___ DATASET EXTRACT
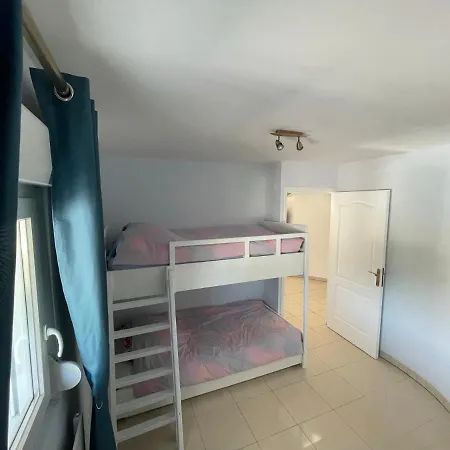 Charmant Logement Avec Piscine Et Jacuzzi Feriehus Riedwihr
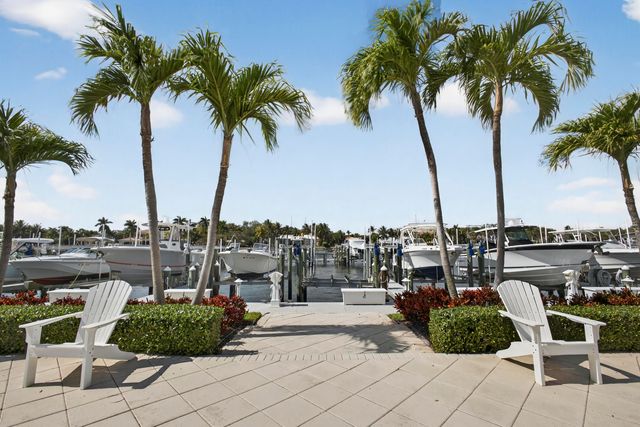 441 Bay Colony Drive N, Juno Beach, FL 33408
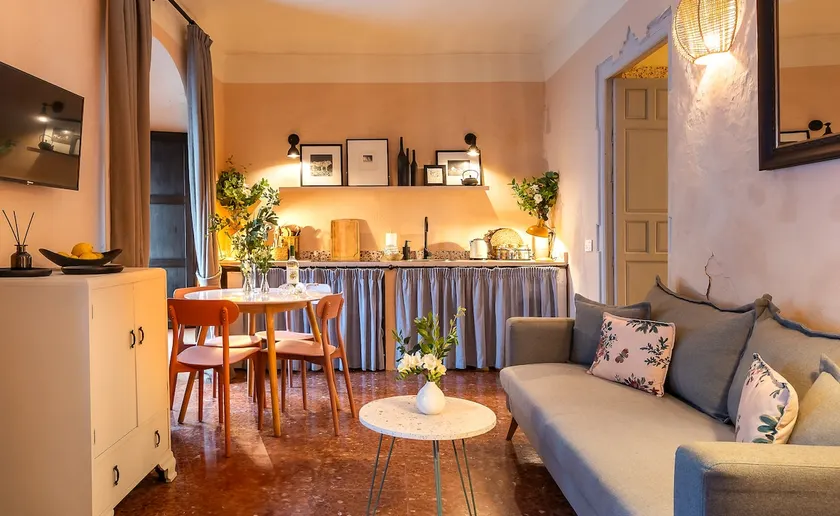 Stylish Ronda flat in 18 C house with shared pool - Image 1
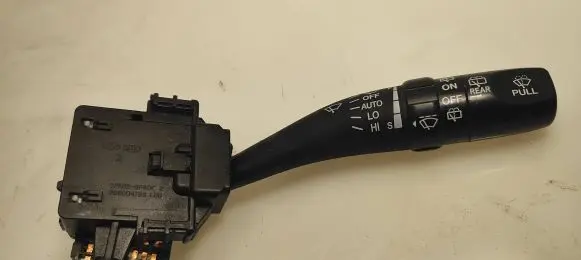 Hyundai Santa Fe Wiper control stalk 202004726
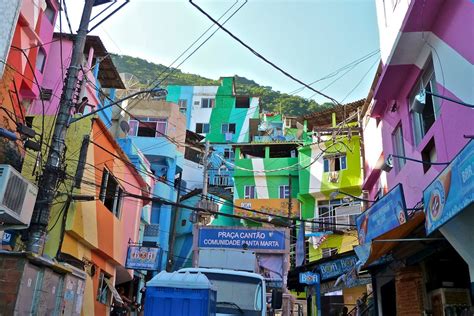 Brushing up Rio’s slums for the World Cup with Favela painting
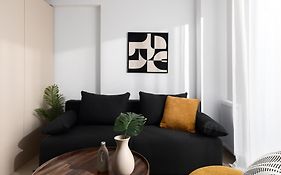 Oval Elegant Stay By Binobi!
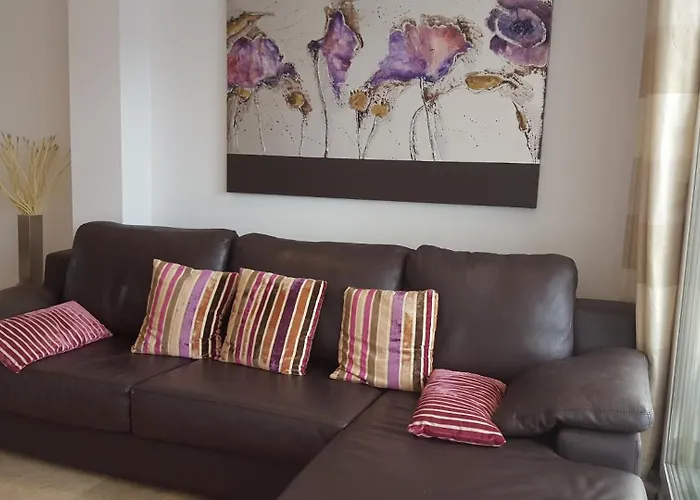 Lovely 3 Bed 2Nd Floor Apartment In Miraflores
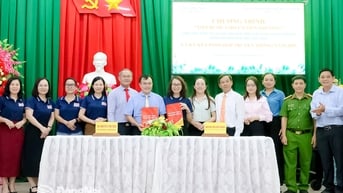ĐNNRTV ký kết hợp tác truyền thông với UBND xã Phú Hòa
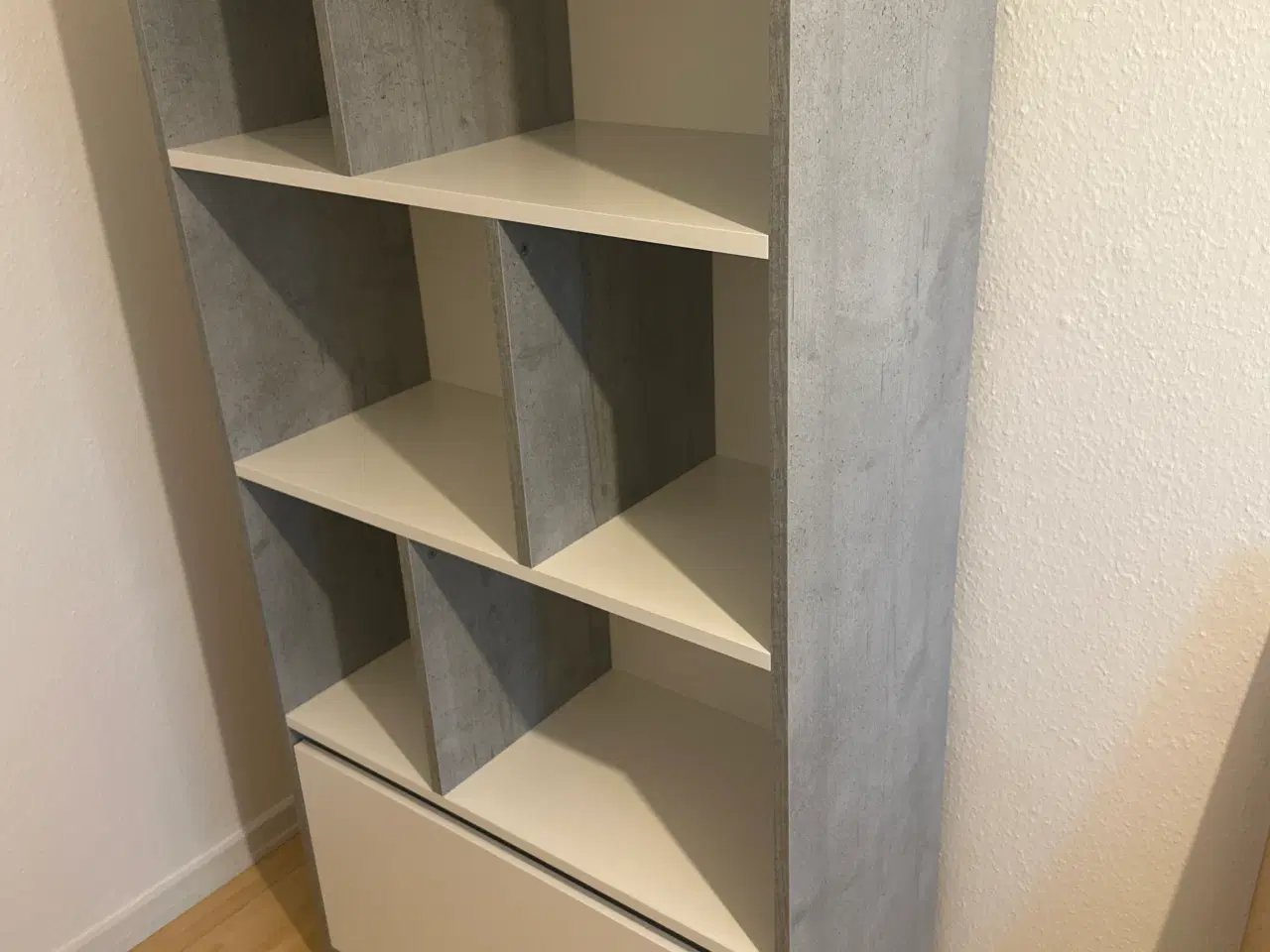 Billede 1 - Reol Billund fra jysk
______
## WHAT TO DO
Please reproduce, exactly and only, the lines from the line containing "Oval Elegant Stay By Binobi!" through the last line of the material above, minus any pictures.

## EXERCISE RESPONSE
 Oval Elegant Stay By Binobi!
 Lovely 3 Bed 2Nd Floor Apartment In Miraflores
ĐNNRTV ký kết hợp tác truyền thông với UBND xã Phú Hòa
 Billede 1 - Reol Billund fra jysk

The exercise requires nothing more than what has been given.